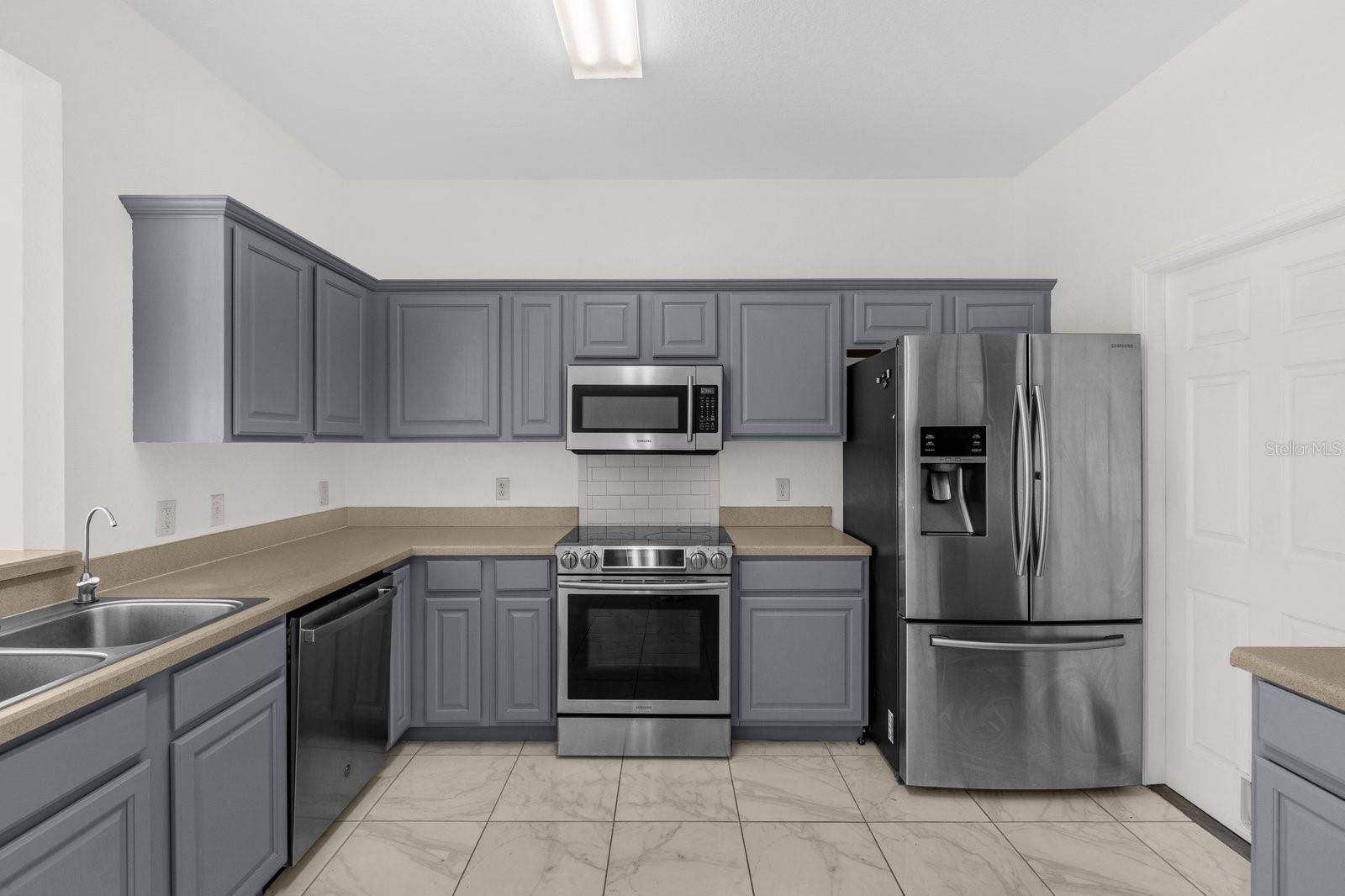 Image 7 of 33 For 5090 122nd Boulevard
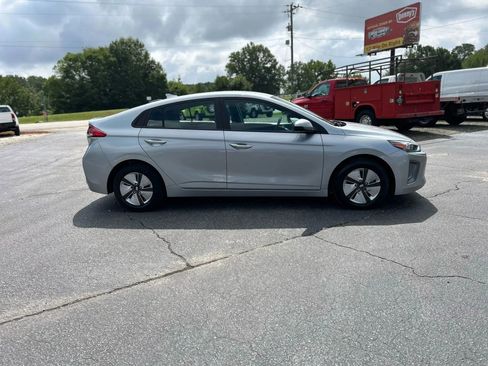 Used 2022 Hyundai Ioniq Blue image 6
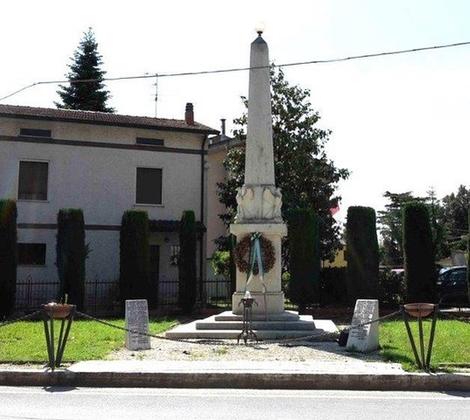 Monumento ai Caduti di San Martino in Campo slide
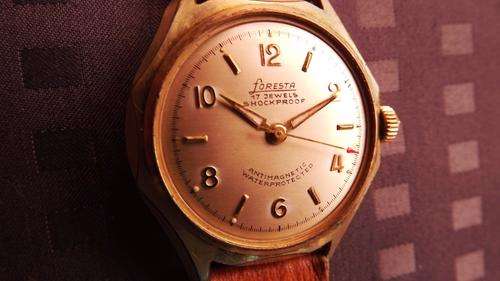 ***collectors***1940'S SWISS FORESTA ***LOW STARTING PRICE**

= = =

## TASK DESCRIPTION
To answer, repeat exactly the lines from the line containing "Monumento ai Caduti" through the last line of the data above, leaving out all pictures.

## WORKED SOLUTION
 Monumento ai Caduti di San Martino in Campo slide
 ***collectors***1940'S SWISS FORESTA ***LOW STARTING PRICE**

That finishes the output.